* **Work request**: Reproduce each entry exactly, so that everything except the pictures is carried over.

* **Records shown**:
------------------------------

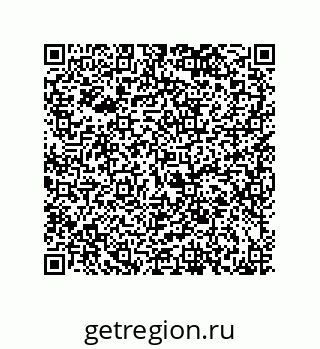 79043193753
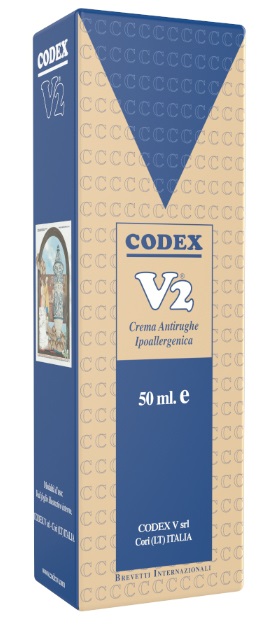 V 2 crema a-rughe ipoall.30ml — confronto prezzi
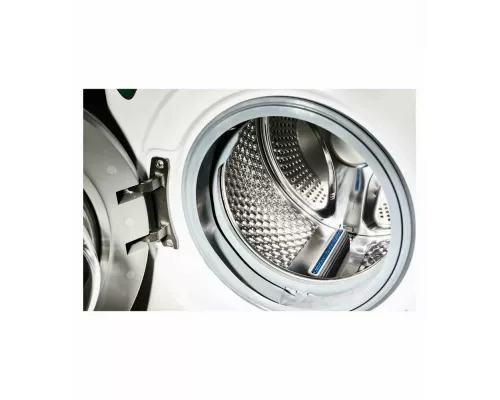 Стиральная машина Jacky's JW S0602B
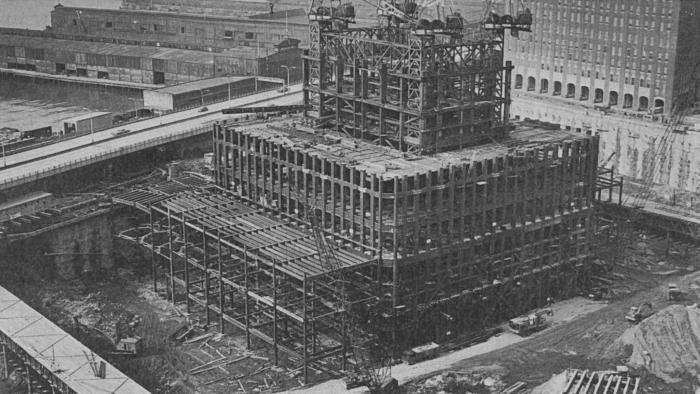 911research.wtc7.net_wtc_evidence_photos_docs_enr_construction_1.jpg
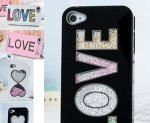 Kryt obal iphone 4,5 – fotka 4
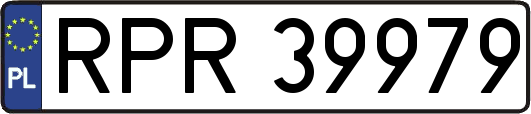 RPR39979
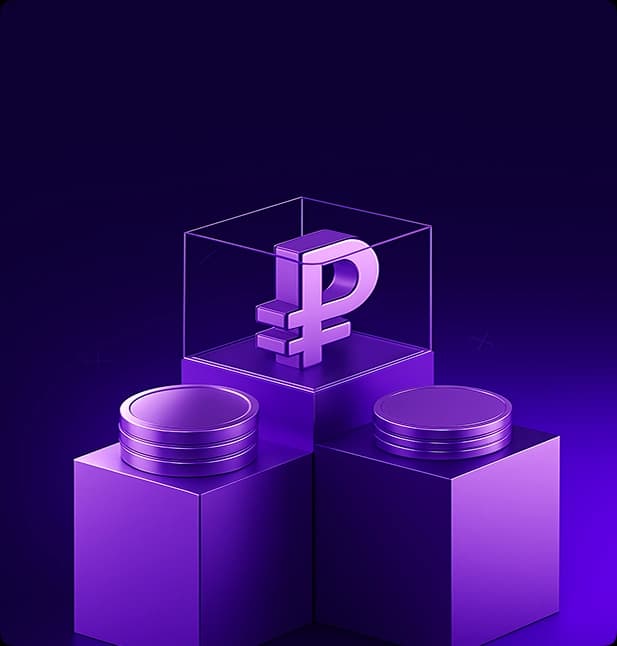 Spend Analytics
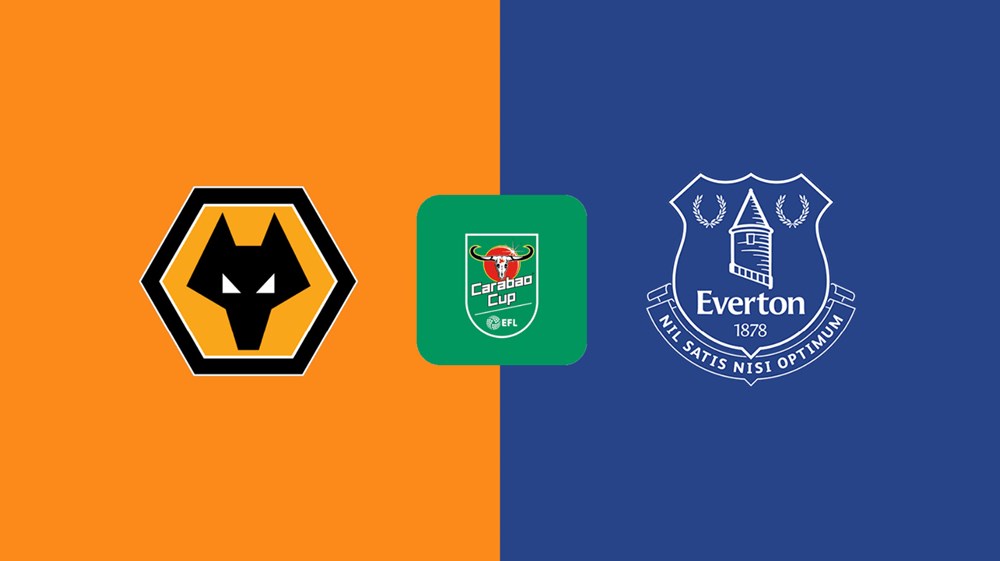 Nhận định trận đấu Wolves vs Everton, 1h45 ngày 24.9: Chưa hết giông bão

------------------------------

* **Task response**:
 79043193753
 V 2 crema a-rughe ipoall.30ml — confronto prezzi
 Стиральная машина Jacky's JW S0602B
 911research.wtc7.net_wtc_evidence_photos_docs_enr_construction_1.jpg
 Kryt obal iphone 4,5 – fotka 4
 RPR39979
 Spend Analytics
 Nhận định trận đấu Wolves vs Everton, 1h45 ngày 24.9: Chưa hết giông bão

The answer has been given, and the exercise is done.